Zero tolerancia a la brutalidad policial

El Departamento de Policía de Nueva York ha desatado una vez más la ira ciudadana a raíz de que uno de sus oficiales dejara en evidencia que prácticas prohibidas desde 1993, como es el caso de la llave de asfixia, sigue siendo aplicada con resultados fatales.

La muerte del afroamericano Eric Garner durante su arresto en Staten Island se suma a las mil quejas por maniobras de estrangulamiento que la Junta de Querellas Civiles recibió entre 2009 y 2013.

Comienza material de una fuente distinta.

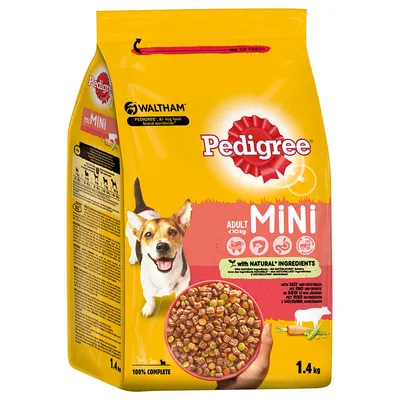 Pedigree Adult Mini hondenvoer, zichtbaar: 1,4 kg zak, geschikt voor honden <10 kg, met rund en groenten, natuurlijke ingrediënten, afbeelding van brokjes en merknaam Waltham. Pedigree Adult Mini hondenvoer, zichtbaar: 1,4 kg zak, geschikt voor honden <10 kg, met rund en groenten, natuurlijke ingrediënten, afbeelding van brokjes en merknaam Waltham.
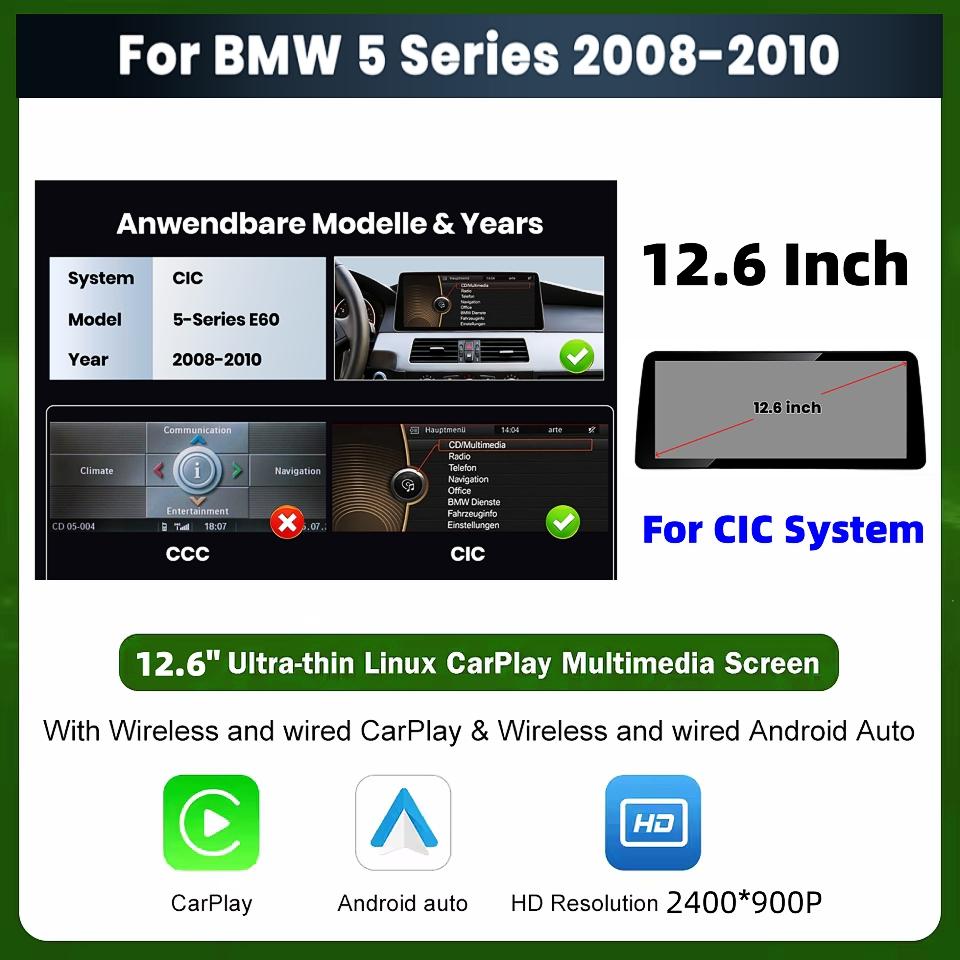 

12.6 inch Ultra Wide Linux Screen Upgrade for BMW E60 5 Series 2003-2008 CCC 2008-2010 CIC Plug and Play Supports Factory iDrive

El NYPD continúa necesitando reformas urgentes y profundas para ganar eficacia respetando los derechos civiles y mejorando su relación con las comunidades. Bajo ningún concepto se pueden permitir estos excesos, sobre todo cuando la ciudad había ganado una batalla contra la manera discriminatoria en que el Departamento hacía uso del Stop and Frisk. Parar y registrar a una persona solo por su raza o color de piel no tiene justificación.

El gran reto del Departamento, y en este caso de su actual comisionado, Bill Bratton, es cerrar esa brecha que existe en la relación entre comunidad y policía.

Una relación más estrecha entre policía y comunidades debería ser más fácil con un NYPD cada vez más diverso. Hoy uno de cada tres policías es latino, los hispanos conforman el 30% de la Uniformada, muy por encima del 16% de afroamericanos, y el español es el idioma extranjero que más se habla en el cuerpo policial.

Los números y los casos hablan por sí solos. El Comisionado Bratton y los líderes políticos deben agotar todos los recursos para aprovechar esta diversidad y cambiar la mentalidad del NYPD. Es prioritario que la policía se gane la confianza de los residentes de los barrios que patrulla. Debe cultivar una relación comunitaria donde los ciudadanos salgan ganando con mejor seguridad y más confianza.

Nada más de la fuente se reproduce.